Púrpura intenso y colectivo
Kim Gordon siempre está mil pasos adelante y lo demuestra mientras su silueta se mueve detrás de un telón, abrazando a su banda, caminando por el pasillo hasta aparecer sobre el escenario y haciendo estallar el océano humano que va creciendo como olas de estridencia contenidas. Entre luces oscuras y sombras radiantes, la reina máxima del ruido deja caer su manto de hip hop y trap deconstruidos por la máquina industrial humana, transformando cada sonido en una pieza fundamental de un engranaje que transpira intensidad.

Desde el primer tañido de “BYE BYE”, Kim Gordon y su armada tejen un manto sónico que rompe los límites de éxtasis y nos envuelve en una danza hipnótica de la que no podemos ni queremos salir. Fuego morado, destellos estruendosos y el puño en alto entre saltos y giros. Estamos en el paraíso del arte hecho música. Lo sabemos y lo/la amamos.
El ataque delicado sigue sin pausa. Las caricias sonoras ásperas llegan con “The candy house”, “I don’t miss my mind” y “I’m a man”. Latigazos magnéticos que nos atrapan y generan un trance colectivo seductor y adictivo. La fascinación es inevitable, imparable, infinita.

Kim se cuelga la guitarra y libera acordes disonantes, luego recita versos retorcidos y viscerales para moverse por los laberintos del aire y subirse a un amplificador vibrante, todo como un collage deslumbrante. Entre medio nos regala palabras de cariño, ríos de amor, susurros de admiración. Luego viene un tsunami de volumen tremendo para abrazarnos con la pasión máxima y sacudirnos sin mirarnos a los ojos. Un real orgasmo psicodélico moderno.

El último golpe letal de “Cookie butter” llega. El fin es abrupto, estrepitoso, atronador. Llamas púrpuras nos queman. El frío no existe. Solo podemos despertar y besar a Kim Gordon y sus músicas mientras se alejan y nos dejan respirando hondo.
Gracias a la vida.
El futuro está aquí, gritando
St. Vicent y su voz emergen entre la penumbra y el vapor luminoso, bailando con el beat pesado de la tensa respiración para explotar en el resplandor de las cuerdas metálicas y la bella distorsión de las guitarras eléctricas. El viaje ha comenzado.

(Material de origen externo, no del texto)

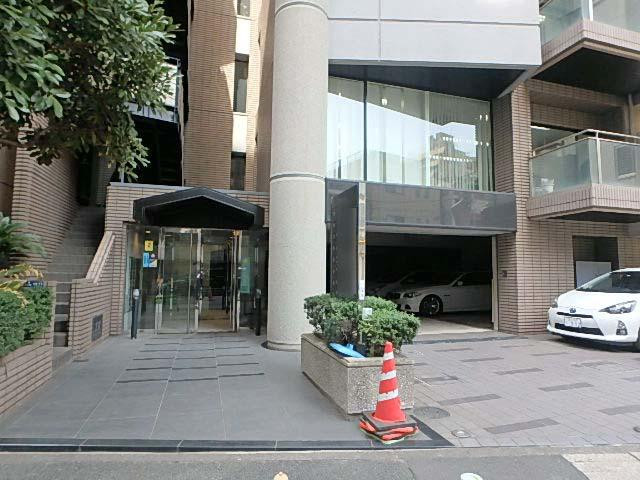 ＩＸＯＳビルエントランス①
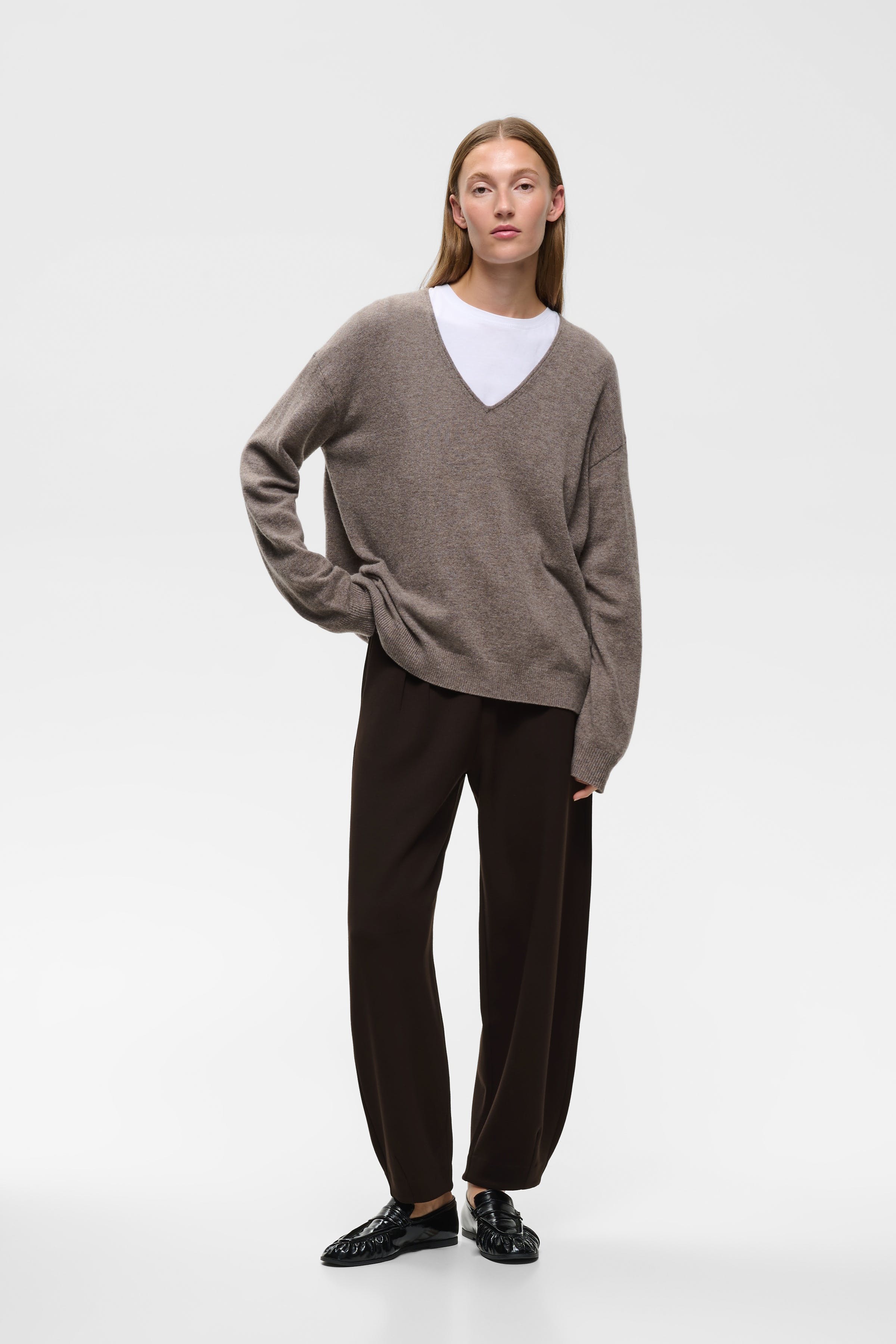 CleIW Trousers LOOKBOOK FRONT 30111399-191109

Con cada mimo eléctrico, Annie Clark nos regala un trocito de cielo y gloria. Así flotan “Fear the future”, “Los Angeles” y “Broken man”, como una sábana de terciopelo en una sesión donde la intensidad rompe las cadenas de lo establecido y abre una puerta hacia el campo del amor en tiempos de cólera.
Declamar, cantar, gritar, tocar y mimar es la consigna. Hoy está todo frente a nosotr@s. Estamos aquí y somos parte del mar de piel que recibe los saltos al vacío de St. Vincent con “Dilettante” mientras su aullido primal es, a la vez, una canción de cuna, la melodía que nos guía hacia la cima que se acerca.

Tormentas hermosas llegan con “Pay your way in”, “Big time nothing” y “Marrow”, abriendo espacio para una declaración de admiración y afecto cuando el nombre de Mon Laferte ebulle en los labios de la guía hacia el esplendor antes de sumergirse en “Violet times” y acercar los universos sobre las montañas, la nieve y el desierto.

Y el momento más honesto, visceral y sincero llega mientras los sonidos de “New York” son la tela que mantiene el vuelo de St. Vincent sobre las manos, los cuerpos, los ojos y las almas. Un juego sin final en las retinas que flamea como una pira sin quemarnos para entender y recordar que sin zapatos volar es más divertido. La cordura está oculta y sepultada por un rato. Mejor así.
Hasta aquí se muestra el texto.